Maya is an upcoming thriller television series on Channel 4 and Starz starring Bella Ramsey and Daisy Haggard. The six-part series is written by Haggard, who is co-directing with Jamie Donoughue.

== Premise ==
Maya (Bella Ramsey), a teenage girl, and her mother Anna (Daisy Haggard) are placed in a witness protection programme after fleeing their lives in London to escape a life-threatening danger. Leaving behind Anna’s parents, Nancy (Harriet Walter) and George (Tom Courtenay), the mother-daughter duo are relocated to a remote Scottish village under new identities, attempting to start again.

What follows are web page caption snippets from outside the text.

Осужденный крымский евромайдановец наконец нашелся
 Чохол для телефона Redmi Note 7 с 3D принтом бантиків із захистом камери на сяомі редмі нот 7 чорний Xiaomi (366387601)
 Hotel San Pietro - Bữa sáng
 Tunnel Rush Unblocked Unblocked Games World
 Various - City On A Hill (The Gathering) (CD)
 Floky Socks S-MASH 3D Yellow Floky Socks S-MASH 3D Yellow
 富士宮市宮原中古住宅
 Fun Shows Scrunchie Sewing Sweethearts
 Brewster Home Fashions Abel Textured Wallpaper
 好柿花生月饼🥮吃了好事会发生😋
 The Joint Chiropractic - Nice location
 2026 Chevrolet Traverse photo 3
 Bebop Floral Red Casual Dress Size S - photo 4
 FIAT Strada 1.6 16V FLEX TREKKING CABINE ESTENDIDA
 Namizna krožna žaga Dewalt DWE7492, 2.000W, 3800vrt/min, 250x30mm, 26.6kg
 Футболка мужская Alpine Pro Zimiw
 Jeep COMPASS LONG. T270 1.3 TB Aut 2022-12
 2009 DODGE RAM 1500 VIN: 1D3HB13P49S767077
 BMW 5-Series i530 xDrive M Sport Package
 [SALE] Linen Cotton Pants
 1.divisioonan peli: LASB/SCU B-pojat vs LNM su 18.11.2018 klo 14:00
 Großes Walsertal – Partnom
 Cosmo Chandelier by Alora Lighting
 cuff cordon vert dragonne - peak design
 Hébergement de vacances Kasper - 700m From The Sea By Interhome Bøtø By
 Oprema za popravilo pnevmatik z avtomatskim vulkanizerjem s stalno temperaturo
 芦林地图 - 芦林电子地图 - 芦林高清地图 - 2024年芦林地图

They are aided in their adjustment by Senior Detective Constable Debs (Josie Walker) and witness protection officers Tony (Stuart Bowman) and Karen (Kiran Sonia Sawar). But their efforts to rebuild are haunted by the emotional trauma of their past and the relentless pursuit of two hitmen, Benji (Ben Chaplin) and Ted (Raphel Famotibe). As the danger escalates, it becomes clear that a calculating figure from their past, the seemingly charming Bobby (Tobias Menzies), remains a looming and very present threat.

== Cast ==
- Bella Ramsey as Maya
- Daisy Haggard as Anna
- Harriet Walter as Nancy
- Tom Courtenay as George
- Josie Walker as Debs
- Stuart Bowman as Tony
- Kiran Sonia Sawar as Karen
- Ben Chaplin as Benji
- Raphel Famotibe as Ted
- Tobias Menzies as Bobby
- Jessica Cameron as Baby Maya

== Production ==

=== Development ===
Channel 4 announced that it had commissioned Maya in February 2025. The series is produced by Two Brothers Pictures. The project marks Haggard's directorial debut. Kenny Tanner is the scripted producer. Haggard and British director Jamie Donoughue serve as executive producers alongside Harry and Jack Williams, Sarah Hammond, Alex Mercer, and Daisy Mount for Two Brothers Pictures.

Ollie Madden, director of Film4 and Channel 4 Drama, have said that “Daisy’s pilot script for Maya had us laughing with its British take on parenting and the oddities of witness protection schemes - whilst being gripping in its no-holds barred storytelling. We are fans of both Daisy and the team at Two Brothers and can’t wait to see this series come to life.”

On 1 July 2026, Starz boarded the series as a co-production partner.

=== Casting ===
Haggard immediately pictured Bella Ramsey in the lead role when she conceived of the series, writing the part with Ramsey in mind. Ramsey and Haggard previously portrayed daughter-mother roles in the Netflix animated series Hilda.

In September 2025, the ensemble cast members were announced: Harriet Walter, Tom Courtenay, Josie Walker, Stuart Bowman, Ben Chaplin, Raphel Famotibe, Serena Manteghi, Tobias Menzies, Archie Backhouse, Paul Blair, Sonny Poon Tip, Finlay Shack, Max Fincham, Ash Hunter, Harry Hadden-Paton, Tori Allen-Martin, and Isabele Derosa.

=== Filming ===
Production took place in Scotland. A shop in Dalmuir closed for filming on September 8, 2025. The film crew also shot various scenes on Gourock Ferry Terminal, in Giffnock and Newton Mearns, and in the streets of Glasgow and Dennistoun. Filming wrapped in the first week of December 2025.

== Release ==
The six-episode series is expected to premiere on Channel 4 in 2026.

== Reception ==
The Standard and the Irish Independent named Maya as one of 2026's most anticipated TV shows. The Independent listed Maya as one of the "20 TV shows that everybody will be talking about" in 2026. italktelly called Maya one of the shows "to look forward to on television in 2026." The Guardian also listed Maya as "must see TV" in 2026. Deadline said it is the "buzziest show" at the 2026 London TV Screenings and "Haggard and Ramsey will make this one worth watching".